In some cases, frontline technical support encounters an issue it just doesn’t have the resources to solve. In a recent case, a large, multinational electronics manufacturing customer called in with NetBackup problems. A number of its backup processes had stalled, leaving running backups unfinished and new backups unable to start. The two environments affected were extensive—literally thousands of backup jobs executing across the enterprise through more than a dozen media servers. The affected backup jobs did not appear to hang at any particular point in the process nor were the same jobs affected every time. After collecting data, frontline support escalated the issue to the backline support team.

Hung processes

Debbie, a Symantec NetBackup support specialist, took the lead in tracking down the intermittent stalled backups. One of the first things that caught her attention was the customer’s use of numerous scripts tracking media allocations on several of their servers, but Debbie did not see a consistent pattern that isolated the hangs to one particular server or job. “Frontline support did an excellent job collecting data, though,” says Debbie. “By running PSTACK to trace running processes, they captured all the needed thread data.” Debbie sent the PSTACK thread results to engineering, and the fault was quickly isolated.

“Some of the NBRB processes were definitely hung,” recalls Debbie. “You would expect these processes to be actively processing, but a number of them were inactive for over an hour.” Debbie compiled the data and her notes on the case and forwarded it all to the engineering support team. Engineering suspected that the large number of commands being run by the customer scripts was causing the NBRB Process to encounter a thread deadlock condition, causing the application hang.

To Debbie’s delight, engineering developed new code within hours.

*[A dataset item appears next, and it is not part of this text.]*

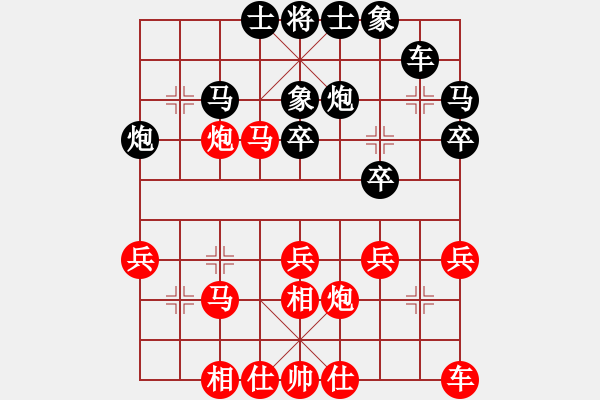 象棋棋譜圖片：「志祥．春子」趣笑象棋賽決賽第1局馬仲威先勝謝承宇 - 步數(shù)：30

“This was an extraordinarily fast development of new binary code,” explains Debbie.”Only six hours after I passed the information to engineering, they delivered new code to our test labs.” Debbie set up the test bed and ran the binary under configurations and circumstances similar to the customer site, overloading the test servers with a like number of commands that had been triggering the condition. She found that the new binary code worked in the lab. An initial install on a single customer server worked as well. After applying the fix to their affected master servers, the customer was able to run without fear of an application hang, which allowed them to protect the data of thousands of its employees.

Fast resolution
“It worked,” Debbie says. No NBRB processes or backup jobs hung after the patch was installed, and data backup across the enterprise continued successfully.

The entire process—from the hand-off by the frontline support staff to the installation of new binary code—took just two days. “We are lucky to have the engineers we do,” says Debbie. There is no denying engineering did a tremendous job, yet every step in the amazingly fast resolution depended on teamwork. Frontline knew when it needed to escalate, and they provided the right set of data to the backline team so that the issue could be escalated quickly to the engineering Customer Focus Team (CFT).

Debbie’s examination of the resource traces before the handoff to engineering gave them a head start, and her thorough testing of the new code in the lab enabled the customer to install the patch with confidence. “The customer was extremely pleased,” Debbie remembers. “All backup systems were working again.”

After this case was resolved, technical support was contacted by another customer with the same backup-locking problem. Due to the great collaboration and teamwork between Debbie, frontline support, and engineering, this customer and perhaps many others now have a quick fix for stalled backups.